Der Roman ist ein kleines literarisches Juwel , denn auf recht unerklärliche Weise hat er etwas magisch Betörendes, ohne dass ich in Worte fassen könnte, woran das liegt. Vielleicht ist es die Feinfühligkeit, in der erzählt wird. Schon allein die Schilderung der Anziehung zwischen Professor und Liv, wie Liv geködert wird durch Etymologie, durch die blinkende Kraft der Wörter, ist besonders. Auch der außergewöhnlich ausgeprägte Geruchssinn der Autorin fällt auf. Dessen Beschreibungen erzählen beeindruckend fast eigene Geschichten. Fein, still und doch immens schlagkräftig schreibt Julia Kerninon. Schade nur, dass ich mit der Protagonistin Liv Maria als Person nichts anfangen kann. Sie war und blieb mir über das ganze Buch hinweg völlig fremd in ihrem Denken und Handeln. Und am wenigsten konnte ich die unerwartete Wendung am Ende nachvollziehen. Allerlei Zitate und Verweise führen in das weite Universum der Literatur, was mir jeweils sehr gut gefiel.
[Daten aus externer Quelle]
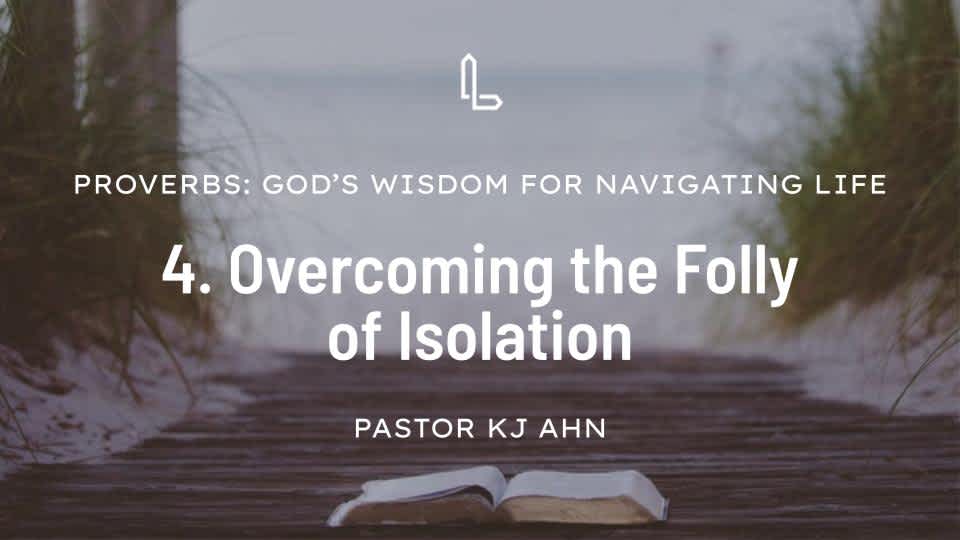 Sermon Image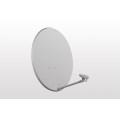 D60P 60 cm Vas Antenna
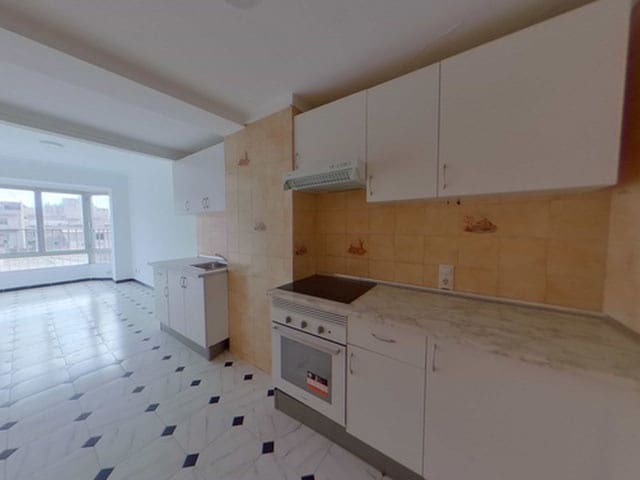 2 soveværelse Lejlighed til salg i Manacor - € 160.000 (Ref: 9705926)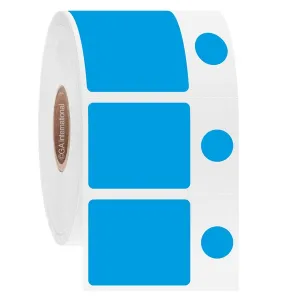 Product image for JTTA-161C1-2BL
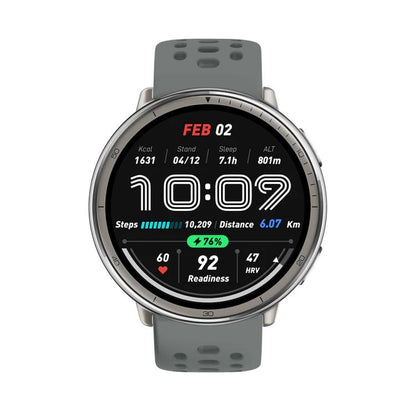 EDA007768501I_1.jpg@8cb597b1efd587eab0cde5ff294d6a12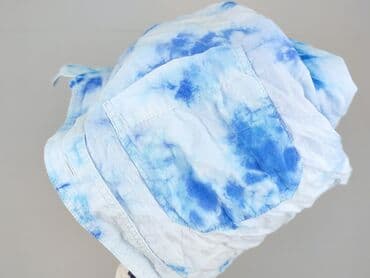 sukienki w tureckie wzory: Koton, Koszulа dla mężczyzn, S — 6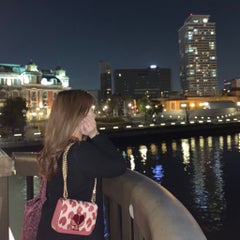 あずみのプロフィール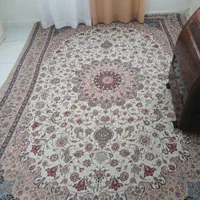 روفرشی کشدار برند باران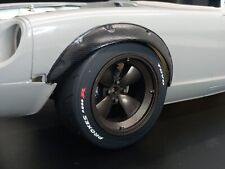 1/12 Gotti Style Wheels & Toyo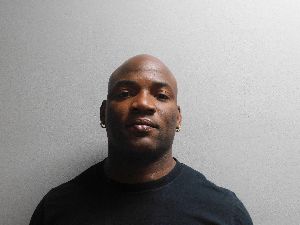 Photo of ROBINSON, C LAMONT
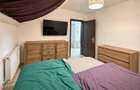 Apartament în Zona Terra - 2 Camere | SU 46MP | Balcon | Parcare - 4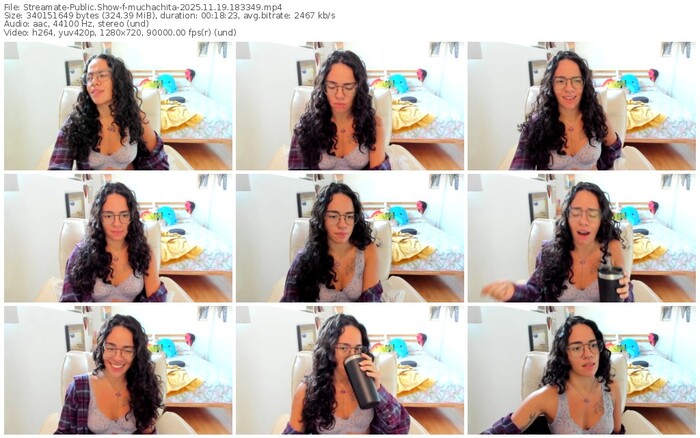 streamate-muchachita-11-19-2025-18-33-49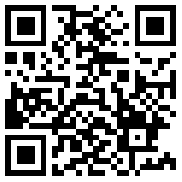 ɨ���ά�뵽�ֻ�����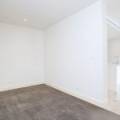 11/25 Wilson Street, BRIGHTON, VIC 3186 Australia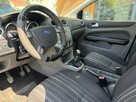 Ford Focus Technicznie bezbłędny - 6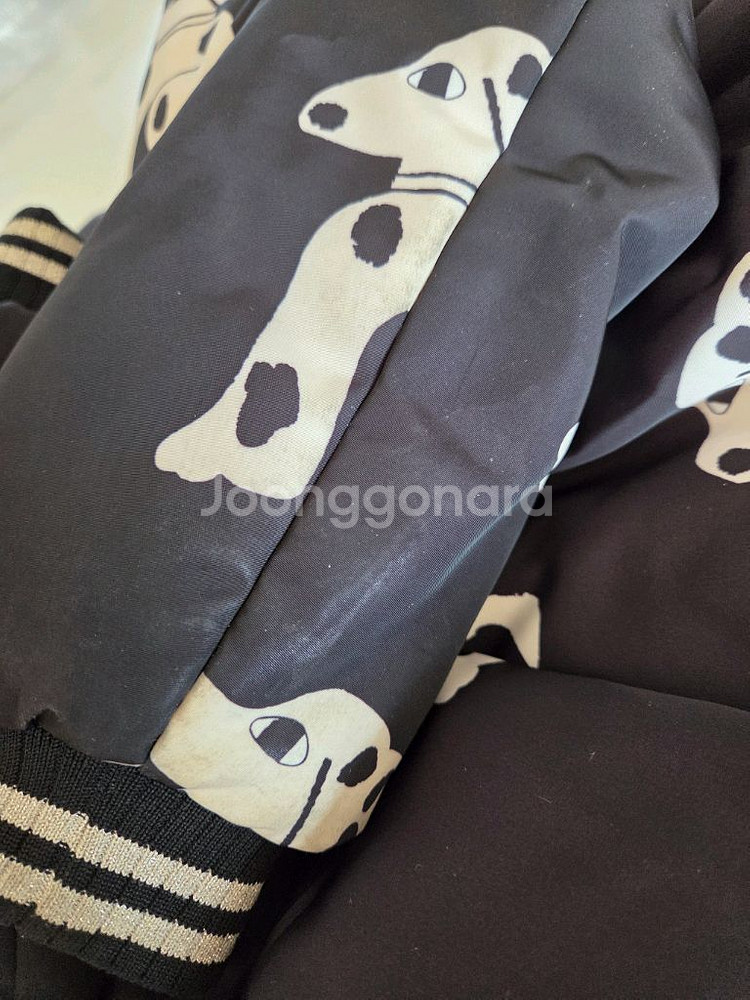 리미떼두두 L사이즈--4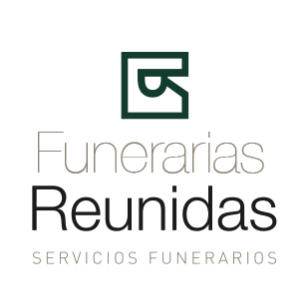 Funerarias del Nalón y Siero - Thumbnail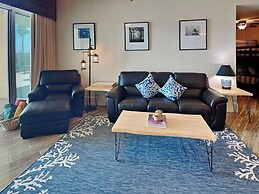 Palisade Palms Tw0108 - Oceanfront Luxury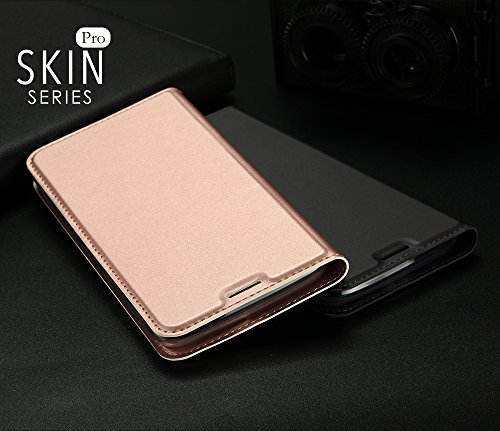 Lenovo Moto G5 Funda iBetter Lenovo Moto G5 caso-Patr n PU Cuero Flip Protector Funda Carcasa Tapa Case Cover Designed Para Lenovo Moto G5 Phone-Rosa reviews Lenovo Moto G5 Funda iBetter Lenovo Moto G5 caso-Patr n PU Cuero Flip Protector Funda Carcasa Tapa Case Cover Designed Para Lenovo Moto G5 Phone-Rosa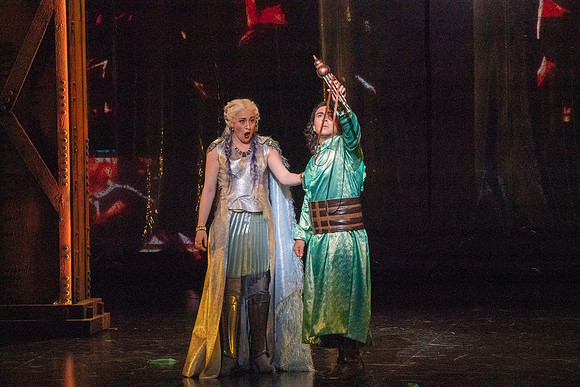 20241119_The Magic Flute_FGO PR_DSC1105
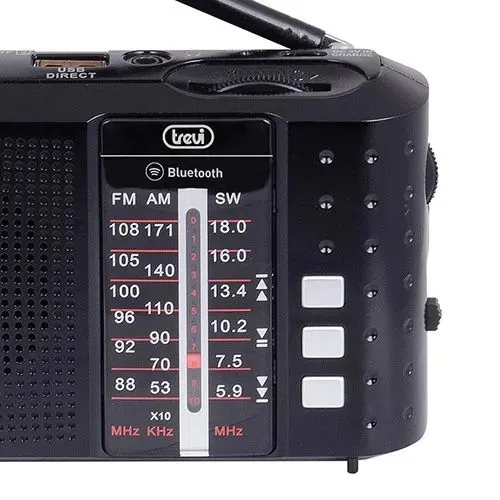 radio-fm-akumulatorowe-trevi-0ra7f2000-odtwarzane-nosniki-karta-pamieci-sd-nosnik-usb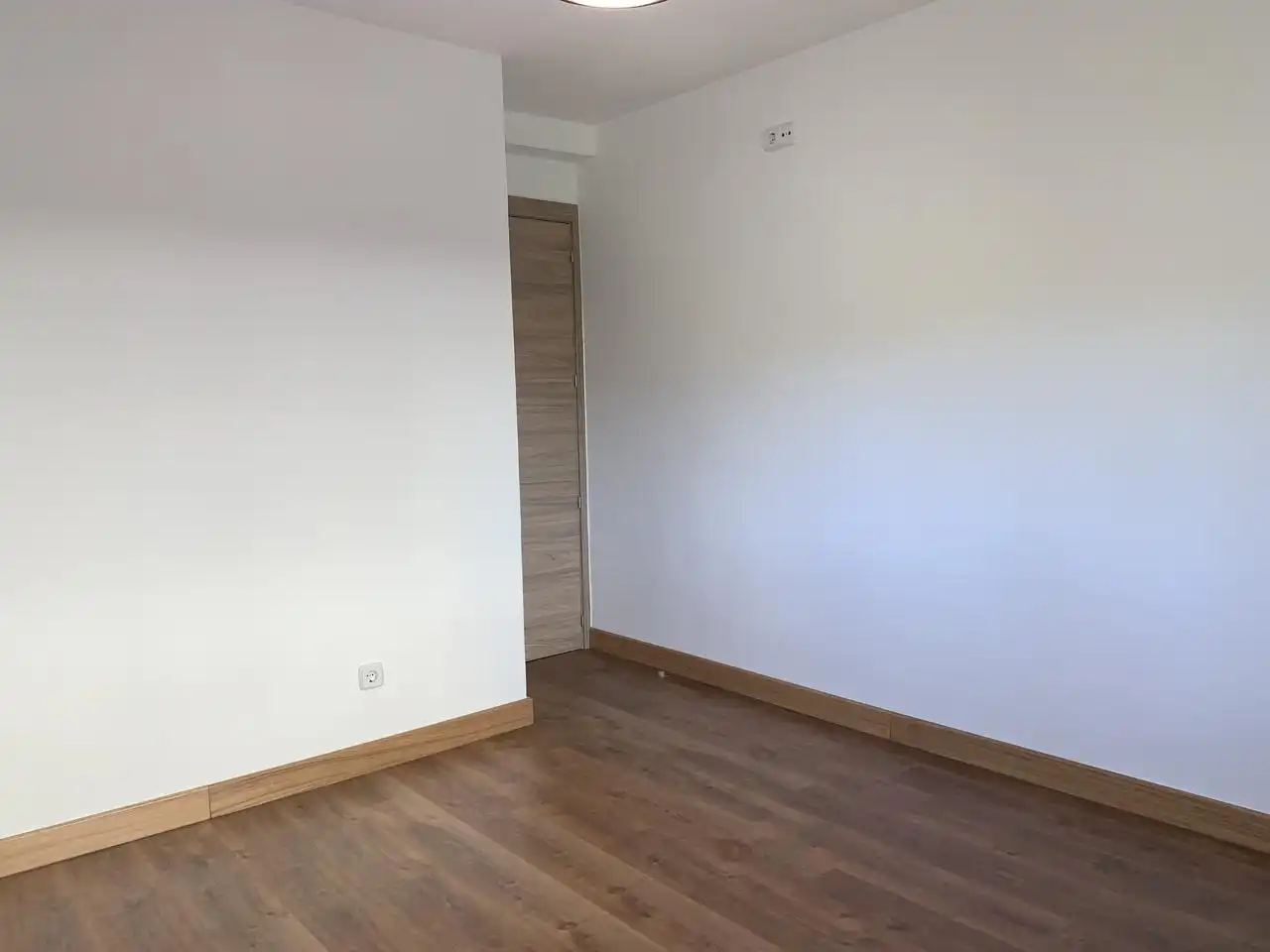 Pis de lloguer en Collado Villalba amb Calefacció, Terrassa i Traster
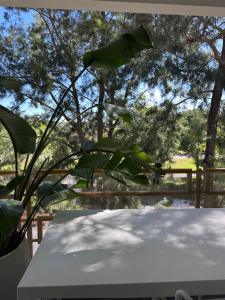 Vilamoura sun retreat
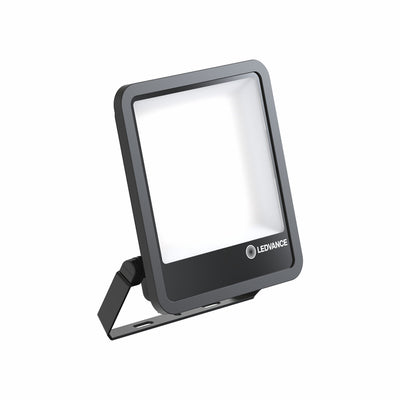 Proyector LED Spectrum GEN 3 Negro 167W 4000K 25000 lúmenes IP66 Haz simétrico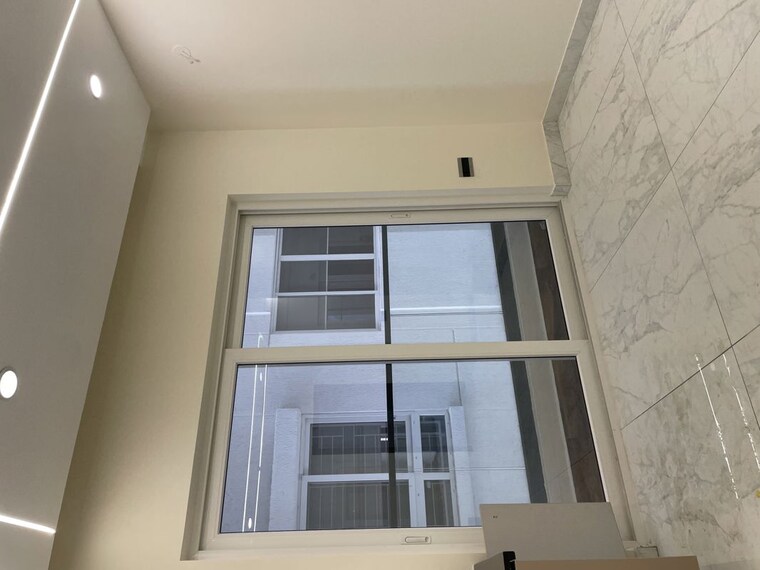undefined, sumadhura-olumpus 3 Bedroom 1670 Sq.Ft. Apartment In Nanakramguda Hyderabad 10604259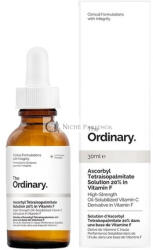 The Ordinary Ascorbyl Tetraisopalmitate Oldat 20% Vitamin F, 30ml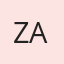 Zodiac - Aquarius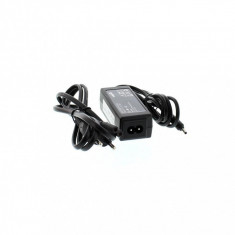 Alimentator pentru laptop Samsung 19V 2.1A 40W 3.0x1.1mm pin Well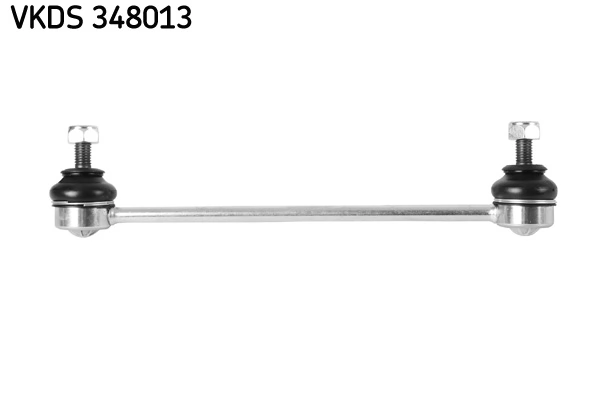 VKDS348013 SKF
Zusammengefasst würde ich sagen, es handelt sich um einen Roman über die Liebe: Über die körperliche, unverbindliche Liebe, über eine Liebe im Vorübergehen, über eine Liebe der Treue und Verantwortlichkeit, der Wurzeln schlagenden Liebe und über eine geheime Liebe, nicht erzählbar und damit letztlich alles bestimmend. Magisch eben.